AS one of the driving forces behind the Clipper Logistics Leger Legends Stakes, it was particularly apt that retired Yorkshire jockey Dale Gibson should be first past the post.
Yet Gibson’s personal satisfaction following this unexpected win on Les Eyre’s Bob was eclipsed by the fact that this annual charity race – the established day one highlight of the Ladbrokes St Leger Festival – raised £100,000 for two racing charities.
Gibson, who is also the Professional Jockeys’ Association Liaison Officer, was always travelling comfortably on the 7-1 winner but the pair had to dig deep to repel the renewed challenge of Janaab, ridden by Kelly Harrison, as the winning post loomed.
The 46-year-old rider, who lives in Boston Spa, said: “It’s great to win but the horse is very strong and he’s done most of the work.
“I was actually quite confident halfway through the race as he was travelling so well and it’s nice to win for Les Eyre as I rode a lot of winners for him when I was riding.
“I’ve put lots of effort into the organisation of this race and it’s great that we’ve managed to raise another £100,000 for the Northern Racing College and Jack Berry House.
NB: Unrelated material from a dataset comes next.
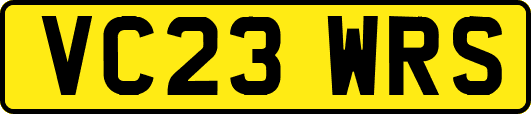 VC23WRS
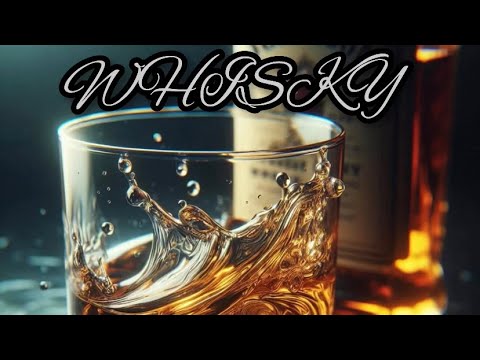 Mc Kiev feat. Escxbar - Whisky 🥃 ( Prod. Monzv ) [Official Music Video]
“I got involved in the race shortly after I retired about five years ago, but was never actually planning to get back on a horse again. It’s obviously nice to win, but the most important thing is the fundraising that we’ve managed to achieve for a couple of really important causes.”
Eyre was also delighted after the race and revealed that the winner is not the easiest to get right at home. The trainer is enjoying his first season back in Britain since returning from Spain to take up training at Catwick, near Beverley.
“We only decided to run him in this race about a week ago as he’s quite hard to keep right back at the yard,” he said. “He’s been a grand horse for us out in Spain though and he’s carried that form through since we’ve come back. He’s owned by Victor Chandler so I know he’ll be happy about this.”
Celebrities present on Town Moor yesterday included Sir Alex Ferguson, who wanted to lend his personal support to retired trainer Jack Berry, the driving force behind the Injured Jockeys Fund and the inspiration behind the £3m rehabilitation centre which is being built in his name in Malton.
In another major boost, it was announced yesterday that the The Reuben Foundation is to help fund a special hydrotherapy pool at the centre for injured jockeys.
As for yesterday’s support races, Boroughbridge-based jockey Paul Mulrennan took the John Smith’s Original Scarbrough Stakes on Mecca’s Angel for Michael Dods.
However, Dods will resist the temptation to supplement Mecca’s Angel for the Prix de l’Abbaye after his rapier-like filly left a trail of decent sprinters in her wake.
Reckless Abandon, the winner of two Group One races in 2012, appeared to have no excuses in second but may be suited by stepping back up to six furlongs, while Steps was third.
“She was very impressive. We’ve been struggling this season as I don’t want to ruin her on fast ground,” said the Darlington trainer. “She’s been ready to run for three or four months and we had her in at York and Beverley but the ground went too fast.
“We were happy with conditions. Her home work has been excellent, Paul rode her last Friday and said it was the best she’d ever worked. She worked with Spinatrix who nearly won the Great St Wilfrid and she flew past her so we knew she was in good form.”
Hambleton trainer Kevin Ryan’s year to remember continued, meanwhile, when Salateen made every yard of the running in the 1stsecuritysolutions.co.uk Nursery Handicap. He was the first of six winners on the day to be drawn in stall two and looks an exciting prospect.
From halfway, it was obvious he was in a different league to the others and Jamie Spencer did not have to work hard leading him to a length and three-quarters win over Goring.
“I was going to run him in a Listed race later in the week, but I just thought the ground might be a bit better today,” said Ryan.
“It’s all about next year and whether he has one more run or not I’m not sure, but it will be back up in class if he does. He’s a stakes horse.”
However, it would be remiss if the final word of another unforgettable day did not go to Tim Adams, chairman of the Leger Legends Race Committee, who said: “I’d just like to say that none of the race committee had a penny on that as Dale told us he couldn’t win!”